The main segment of the formal garden is at its peak in mid-to-late summer. The annual bed fills with spectacular dahlias and marigolds. Roses, bordered by a trimmed hedge of English boxwood, flourish in the warmth of the Maryland sun. Combinations of phlox, day lilies, late irises, alium, “Naked Ladies” and bleeding hearts, create color and texture. The hillside behind the pool fills with the raucous color combinations of tiger lilies and hundreds of blue-bloomed hostas.

Colhoun orders most of his plants from White Flower Farms, a Connecticut catalog company he considers “the best place to buy flowers.” (The UPS delivery man once asked Colhoun if he worked for the company.) He shies away from planting many vegetables in the garden, saying he could never eat them all. But a few edible cultivars— namely rhubarb, asparagus and raspberries— do make the cut each year.

Some of Colhoun’s favorite plants bloom during the midsummer peak. He considers himself “a big lily man.” The prize among all his lilies is the “Casa Blanca,” a fragrant white flower that produces up to 30 blossoms on a stem. “At about 6 o’clock in the evening, they’re so fragrant, you can smell them all the way to the patio,” he says of the 25 or so plants in the garden.

Neighbors may think of Colhoun as more of a gladiolus guy: He grows 300 to 400 of the tall stalks, planting several rows of bulbs every few weeks in the spring to spread the blooming period through late summer.
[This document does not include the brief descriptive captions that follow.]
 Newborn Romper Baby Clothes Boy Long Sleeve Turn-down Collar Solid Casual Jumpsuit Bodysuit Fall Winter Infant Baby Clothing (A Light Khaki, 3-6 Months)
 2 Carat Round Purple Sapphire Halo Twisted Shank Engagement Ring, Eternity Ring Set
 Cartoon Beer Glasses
It’s not uncommon for patrons at the Butler post office to see bunches of Colhoun’s gladioluses gracing the counters, or for Colhoun’s visitors to leave the garden cradling a bunch of blooms in their arms.

Giving away the garden’s bounty is a habit Colhoun inherited. “My mother seeded a lot of gardens,” he recalls. “When she’d break up plants, like the lilies, she would give them away, year after year. Half the gardens in this area probably owe their start to her. She’d also leave plants down on the road for people to stop and take away for free. People would leave her notes like, ‘I don’t know who you are, but I come by here every year and wanted to thank you.’”
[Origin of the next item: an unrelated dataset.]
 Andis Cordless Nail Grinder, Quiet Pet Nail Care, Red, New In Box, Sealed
Colhoun does not employ a gardener. When he’s not traveling, he does all the gardening himself, and he’ll proudly show off the hands that prove it— slightly calloused with a thin line of earthy grime around the nails. He’s upgraded from a hose to a computerized irrigation system but still tackles other routine tasks such as weeding the old-fashioned way. He spends several hours a day “on patrol,” as his grown children call it, pulling weeds, picking up sticks and putting the garden to right again.

When he’s away, he relies on the tenant of the cottage on the property to care for the garden. In exchange for free rent, the occupant works a certain amount of time each month, leaving the landlord free to pursue his other interests— travel and photography. Colhoun hopes to pull all three vocations into a book about his excursions; an entire chapter will be dedicated to flowers he has photographed around the world.

Colhoun’s home is filled with family photographs, many taken in the garden. A plaque on a teak bench in the garden reads “In Loving Memory of Granny Colhoun & Her Garden,” forever commemorating the woman who began it all.

Considering that Colhoun has four children and eight grandchildren, it seems likely that lovely memories will continue to propagate here as surely as the glads and lilies. References to family come naturally to Colhoun when he talks about growing plants. “A mature garden is so different from a young garden, and you can’t make it grow up overnight,” he says. “I think gardening is about hope, because when a plant goes into the ground, like a baby, you have no idea what it will look like in adulthood. So you tend them and hope they grow up to the aspirations you have for them.”